EXERCISE BRIEF: Omit the pictures, then reproduce every remaining record exactly.
(EXERCISE DATA)
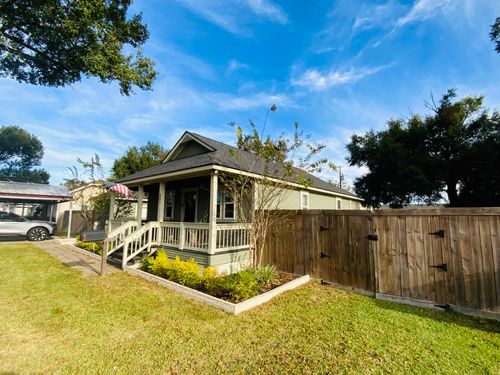 821 Atlanta Ave, Nederland, TX, 77627-2424 | Card Image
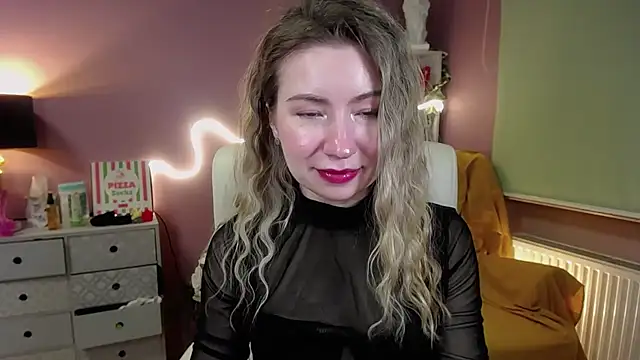 Snapshot of Mia_Tasty chatting on 25, 2, 2025 Mia Tasty online show from 25, 2, 2025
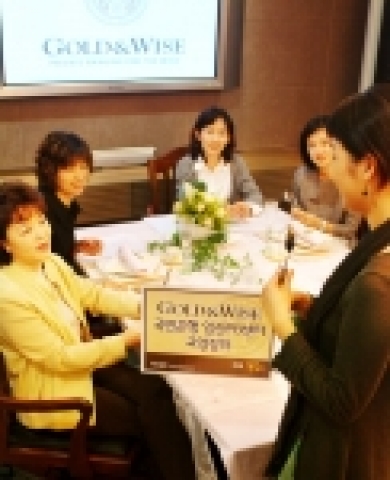 국민은행 프라이빗뱅킹 골드 앤 와이즈 일산PB센터가 오픈 기념 행사로 마련한 `테이블 세팅 강좌`에 참가한 고객들이 테이블세팅 요령을 배우고 있는 모습.
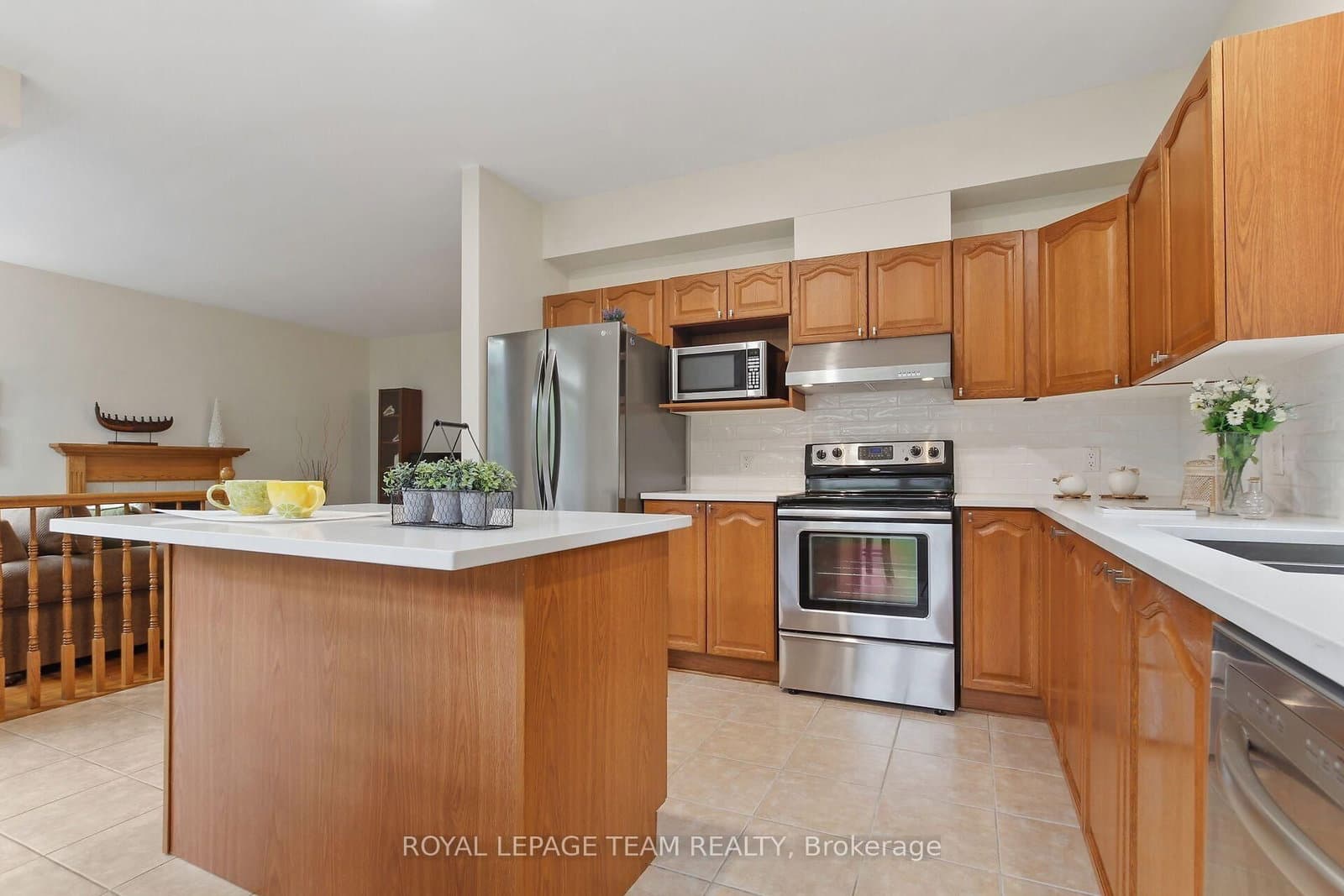 4 Keno Way, Kanata, ON — photo 3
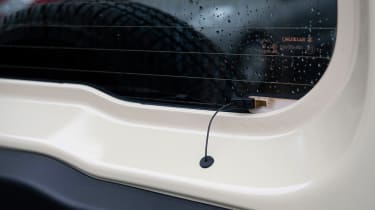 Suzuki Jimny - long term test - rear window heater cable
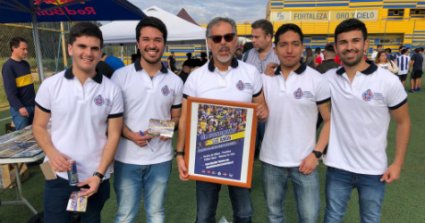 Estudiantes de “Iniciativa Empresarial”, de la Escuela de Negocios y Economía de la PUCV, gestionan celebración del Día del Hincha en aniversario 110 de Everton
(End EXERCISE DATA)
TASK ANSWER:
 821 Atlanta Ave, Nederland, TX, 77627-2424 | Card Image
 Snapshot of Mia_Tasty chatting on 25, 2, 2025 Mia Tasty online show from 25, 2, 2025
 국민은행 프라이빗뱅킹 골드 앤 와이즈 일산PB센터가 오픈 기념 행사로 마련한 `테이블 세팅 강좌`에 참가한 고객들이 테이블세팅 요령을 배우고 있는 모습.
 4 Keno Way, Kanata, ON — photo 3
 Suzuki Jimny - long term test - rear window heater cable
 Estudiantes de “Iniciativa Empresarial”, de la Escuela de Negocios y Economía de la PUCV, gestionan celebración del Día del Hincha en aniversario 110 de Everton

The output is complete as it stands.